_Supplied data_

○ ○ ○

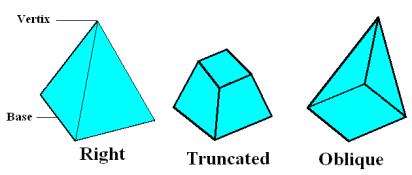 3.2.2 three dimensional elements Most of three dimensional elements or objects are consists of bounded surfaces which called faces and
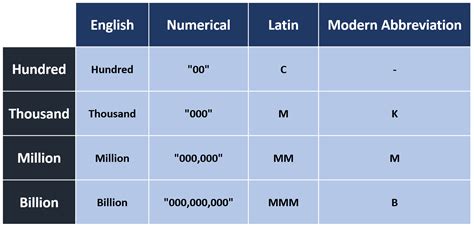Abbreviation For Million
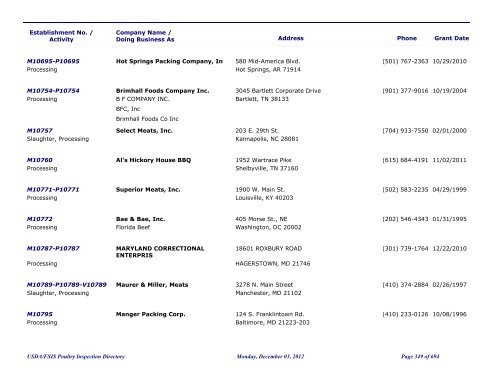 FSIS Meat, Poultry and Egg Product Inspection Directory - By Est ...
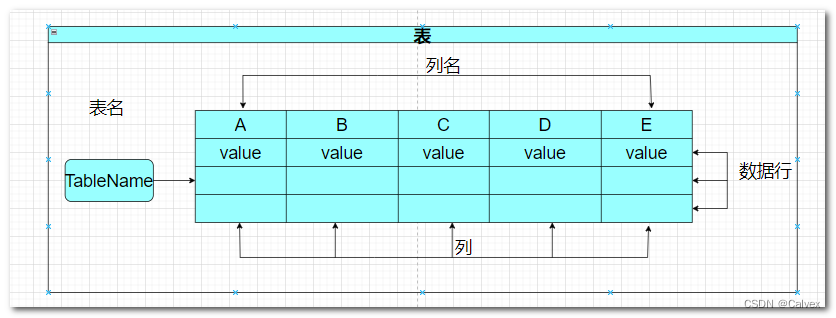 Oracle数据库体系结构(一)_概述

○ ○ ○

_What is required_
Only the pictures are dropped when you print the material; everything else is copied exactly.

_Finished task_
 3.2.2 three dimensional elements Most of three dimensional elements or objects are consists of bounded surfaces which called faces and
Abbreviation For Million
 FSIS Meat, Poultry and Egg Product Inspection Directory - By Est ...
 Oracle数据库体系结构(一)_概述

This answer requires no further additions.